(DATASET CONTENT begins)
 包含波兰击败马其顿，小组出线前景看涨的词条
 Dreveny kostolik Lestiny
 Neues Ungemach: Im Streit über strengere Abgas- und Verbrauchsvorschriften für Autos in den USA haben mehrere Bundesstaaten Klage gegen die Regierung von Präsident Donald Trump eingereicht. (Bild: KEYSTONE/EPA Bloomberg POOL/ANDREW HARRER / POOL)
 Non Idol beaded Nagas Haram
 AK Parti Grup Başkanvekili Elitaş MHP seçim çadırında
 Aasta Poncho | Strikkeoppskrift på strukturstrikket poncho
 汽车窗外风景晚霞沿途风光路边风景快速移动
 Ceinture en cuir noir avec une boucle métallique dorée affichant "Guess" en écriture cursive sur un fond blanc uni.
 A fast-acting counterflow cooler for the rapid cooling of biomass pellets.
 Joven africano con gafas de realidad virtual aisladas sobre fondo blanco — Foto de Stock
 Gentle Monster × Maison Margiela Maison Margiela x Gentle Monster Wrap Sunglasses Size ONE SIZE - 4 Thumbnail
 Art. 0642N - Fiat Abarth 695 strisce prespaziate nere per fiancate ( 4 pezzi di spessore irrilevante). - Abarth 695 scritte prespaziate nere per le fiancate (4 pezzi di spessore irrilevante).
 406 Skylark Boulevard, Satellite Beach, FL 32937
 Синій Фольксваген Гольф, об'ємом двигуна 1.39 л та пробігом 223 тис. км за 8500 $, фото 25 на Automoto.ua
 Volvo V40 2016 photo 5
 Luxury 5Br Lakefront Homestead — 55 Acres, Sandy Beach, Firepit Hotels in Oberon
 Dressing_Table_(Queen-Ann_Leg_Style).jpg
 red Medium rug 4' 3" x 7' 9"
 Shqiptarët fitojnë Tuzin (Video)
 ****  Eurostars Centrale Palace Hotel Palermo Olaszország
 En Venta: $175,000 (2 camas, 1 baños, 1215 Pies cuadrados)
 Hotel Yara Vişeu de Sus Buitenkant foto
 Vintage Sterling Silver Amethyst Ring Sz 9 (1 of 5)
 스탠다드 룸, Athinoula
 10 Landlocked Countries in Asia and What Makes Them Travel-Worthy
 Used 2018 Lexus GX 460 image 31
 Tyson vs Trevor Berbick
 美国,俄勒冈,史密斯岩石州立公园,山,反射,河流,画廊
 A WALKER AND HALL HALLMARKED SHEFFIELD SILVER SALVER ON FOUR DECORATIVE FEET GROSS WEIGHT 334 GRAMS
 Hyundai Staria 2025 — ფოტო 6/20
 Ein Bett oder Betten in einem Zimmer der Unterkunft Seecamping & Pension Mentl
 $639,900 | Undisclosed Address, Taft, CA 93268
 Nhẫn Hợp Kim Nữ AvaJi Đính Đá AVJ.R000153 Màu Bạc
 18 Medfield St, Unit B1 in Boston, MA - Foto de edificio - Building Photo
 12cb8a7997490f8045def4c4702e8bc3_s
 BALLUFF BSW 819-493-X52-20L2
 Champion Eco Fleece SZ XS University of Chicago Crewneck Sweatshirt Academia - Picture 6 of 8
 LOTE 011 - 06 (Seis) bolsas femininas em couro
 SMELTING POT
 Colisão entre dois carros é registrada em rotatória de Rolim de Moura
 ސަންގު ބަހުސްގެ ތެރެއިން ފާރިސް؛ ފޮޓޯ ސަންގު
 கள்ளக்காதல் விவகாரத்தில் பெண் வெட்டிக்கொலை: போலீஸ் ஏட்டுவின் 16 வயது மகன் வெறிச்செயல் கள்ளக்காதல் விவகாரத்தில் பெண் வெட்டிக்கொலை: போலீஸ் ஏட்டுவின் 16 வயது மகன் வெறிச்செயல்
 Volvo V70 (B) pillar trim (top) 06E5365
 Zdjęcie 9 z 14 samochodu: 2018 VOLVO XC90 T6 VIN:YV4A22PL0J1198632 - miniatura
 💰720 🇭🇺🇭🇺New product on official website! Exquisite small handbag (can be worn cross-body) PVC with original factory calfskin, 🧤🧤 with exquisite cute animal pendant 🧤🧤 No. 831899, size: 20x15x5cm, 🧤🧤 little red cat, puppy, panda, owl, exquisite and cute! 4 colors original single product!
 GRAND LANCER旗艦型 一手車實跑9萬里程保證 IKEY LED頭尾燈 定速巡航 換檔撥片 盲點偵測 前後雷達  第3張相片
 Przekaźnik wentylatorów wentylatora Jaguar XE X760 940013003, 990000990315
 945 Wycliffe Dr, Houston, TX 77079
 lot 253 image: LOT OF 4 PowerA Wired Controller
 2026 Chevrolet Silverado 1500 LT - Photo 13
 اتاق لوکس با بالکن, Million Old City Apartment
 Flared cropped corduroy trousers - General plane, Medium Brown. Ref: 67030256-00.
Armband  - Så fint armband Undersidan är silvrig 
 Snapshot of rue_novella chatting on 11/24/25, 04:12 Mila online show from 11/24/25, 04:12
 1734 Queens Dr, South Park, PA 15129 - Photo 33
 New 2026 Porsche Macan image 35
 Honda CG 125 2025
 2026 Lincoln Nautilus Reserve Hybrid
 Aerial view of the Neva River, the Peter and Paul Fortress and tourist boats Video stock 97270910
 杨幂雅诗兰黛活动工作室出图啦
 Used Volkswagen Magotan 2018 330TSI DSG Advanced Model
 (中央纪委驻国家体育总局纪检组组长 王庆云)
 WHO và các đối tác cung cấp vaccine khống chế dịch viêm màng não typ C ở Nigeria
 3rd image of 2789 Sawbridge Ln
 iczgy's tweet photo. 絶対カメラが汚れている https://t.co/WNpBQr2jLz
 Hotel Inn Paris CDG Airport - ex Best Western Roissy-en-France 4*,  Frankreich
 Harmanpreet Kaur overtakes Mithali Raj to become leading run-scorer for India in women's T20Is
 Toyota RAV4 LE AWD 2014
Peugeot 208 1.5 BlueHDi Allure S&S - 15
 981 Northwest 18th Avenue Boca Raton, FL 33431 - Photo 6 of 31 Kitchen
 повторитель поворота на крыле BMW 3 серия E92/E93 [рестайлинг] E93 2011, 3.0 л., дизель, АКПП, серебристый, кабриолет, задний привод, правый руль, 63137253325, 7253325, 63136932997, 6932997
(DATASET CONTENT ends)
TASK PROMPT :: Could you return all of the data exactly as written?

TASK SOLUTION ::
 包含波兰击败马其顿，小组出线前景看涨的词条
 Dreveny kostolik Lestiny
 Neues Ungemach: Im Streit über strengere Abgas- und Verbrauchsvorschriften für Autos in den USA haben mehrere Bundesstaaten Klage gegen die Regierung von Präsident Donald Trump eingereicht. (Bild: KEYSTONE/EPA Bloomberg POOL/ANDREW HARRER / POOL)
 Non Idol beaded Nagas Haram
 AK Parti Grup Başkanvekili Elitaş MHP seçim çadırında
 Aasta Poncho | Strikkeoppskrift på strukturstrikket poncho
 汽车窗外风景晚霞沿途风光路边风景快速移动
 Ceinture en cuir noir avec une boucle métallique dorée affichant "Guess" en écriture cursive sur un fond blanc uni.
 A fast-acting counterflow cooler for the rapid cooling of biomass pellets.
 Joven africano con gafas de realidad virtual aisladas sobre fondo blanco — Foto de Stock
 Gentle Monster × Maison Margiela Maison Margiela x Gentle Monster Wrap Sunglasses Size ONE SIZE - 4 Thumbnail
 Art. 0642N - Fiat Abarth 695 strisce prespaziate nere per fiancate ( 4 pezzi di spessore irrilevante). - Abarth 695 scritte prespaziate nere per le fiancate (4 pezzi di spessore irrilevante).
 406 Skylark Boulevard, Satellite Beach, FL 32937
 Синій Фольксваген Гольф, об'ємом двигуна 1.39 л та пробігом 223 тис. км за 8500 $, фото 25 на Automoto.ua
 Volvo V40 2016 photo 5
 Luxury 5Br Lakefront Homestead — 55 Acres, Sandy Beach, Firepit Hotels in Oberon
 Dressing_Table_(Queen-Ann_Leg_Style).jpg
 red Medium rug 4' 3" x 7' 9"
 Shqiptarët fitojnë Tuzin (Video)
 ****  Eurostars Centrale Palace Hotel Palermo Olaszország
 En Venta: $175,000 (2 camas, 1 baños, 1215 Pies cuadrados)
 Hotel Yara Vişeu de Sus Buitenkant foto
 Vintage Sterling Silver Amethyst Ring Sz 9 (1 of 5)
 스탠다드 룸, Athinoula
 10 Landlocked Countries in Asia and What Makes Them Travel-Worthy
 Used 2018 Lexus GX 460 image 31
 Tyson vs Trevor Berbick
 美国,俄勒冈,史密斯岩石州立公园,山,反射,河流,画廊
 A WALKER AND HALL HALLMARKED SHEFFIELD SILVER SALVER ON FOUR DECORATIVE FEET GROSS WEIGHT 334 GRAMS
 Hyundai Staria 2025 — ფოტო 6/20
 Ein Bett oder Betten in einem Zimmer der Unterkunft Seecamping & Pension Mentl
 $639,900 | Undisclosed Address, Taft, CA 93268
 Nhẫn Hợp Kim Nữ AvaJi Đính Đá AVJ.R000153 Màu Bạc
 18 Medfield St, Unit B1 in Boston, MA - Foto de edificio - Building Photo
 12cb8a7997490f8045def4c4702e8bc3_s
 BALLUFF BSW 819-493-X52-20L2
 Champion Eco Fleece SZ XS University of Chicago Crewneck Sweatshirt Academia - Picture 6 of 8
 LOTE 011 - 06 (Seis) bolsas femininas em couro
 SMELTING POT
 Colisão entre dois carros é registrada em rotatória de Rolim de Moura
 ސަންގު ބަހުސްގެ ތެރެއިން ފާރިސް؛ ފޮޓޯ ސަންގު
 கள்ளக்காதல் விவகாரத்தில் பெண் வெட்டிக்கொலை: போலீஸ் ஏட்டுவின் 16 வயது மகன் வெறிச்செயல் கள்ளக்காதல் விவகாரத்தில் பெண் வெட்டிக்கொலை: போலீஸ் ஏட்டுவின் 16 வயது மகன் வெறிச்செயல்
 Volvo V70 (B) pillar trim (top) 06E5365
 Zdjęcie 9 z 14 samochodu: 2018 VOLVO XC90 T6 VIN:YV4A22PL0J1198632 - miniatura
 💰720 🇭🇺🇭🇺New product on official website! Exquisite small handbag (can be worn cross-body) PVC with original factory calfskin, 🧤🧤 with exquisite cute animal pendant 🧤🧤 No. 831899, size: 20x15x5cm, 🧤🧤 little red cat, puppy, panda, owl, exquisite and cute! 4 colors original single product!
 GRAND LANCER旗艦型 一手車實跑9萬里程保證 IKEY LED頭尾燈 定速巡航 換檔撥片 盲點偵測 前後雷達  第3張相片
 Przekaźnik wentylatorów wentylatora Jaguar XE X760 940013003, 990000990315
 945 Wycliffe Dr, Houston, TX 77079
 lot 253 image: LOT OF 4 PowerA Wired Controller
 2026 Chevrolet Silverado 1500 LT - Photo 13
 اتاق لوکس با بالکن, Million Old City Apartment
 Flared cropped corduroy trousers - General plane, Medium Brown. Ref: 67030256-00.
Armband  - Så fint armband Undersidan är silvrig 
 Snapshot of rue_novella chatting on 11/24/25, 04:12 Mila online show from 11/24/25, 04:12
 1734 Queens Dr, South Park, PA 15129 - Photo 33
 New 2026 Porsche Macan image 35
 Honda CG 125 2025
 2026 Lincoln Nautilus Reserve Hybrid
 Aerial view of the Neva River, the Peter and Paul Fortress and tourist boats Video stock 97270910
 杨幂雅诗兰黛活动工作室出图啦
 Used Volkswagen Magotan 2018 330TSI DSG Advanced Model
 (中央纪委驻国家体育总局纪检组组长 王庆云)
 WHO và các đối tác cung cấp vaccine khống chế dịch viêm màng não typ C ở Nigeria
 3rd image of 2789 Sawbridge Ln
 iczgy's tweet photo. 絶対カメラが汚れている https://t.co/WNpBQr2jLz
 Hotel Inn Paris CDG Airport - ex Best Western Roissy-en-France 4*,  Frankreich
 Harmanpreet Kaur overtakes Mithali Raj to become leading run-scorer for India in women's T20Is
 Toyota RAV4 LE AWD 2014
Peugeot 208 1.5 BlueHDi Allure S&S - 15
 981 Northwest 18th Avenue Boca Raton, FL 33431 - Photo 6 of 31 Kitchen
 повторитель поворота на крыле BMW 3 серия E92/E93 [рестайлинг] E93 2011, 3.0 л., дизель, АКПП, серебристый, кабриолет, задний привод, правый руль, 63137253325, 7253325, 63136932997, 6932997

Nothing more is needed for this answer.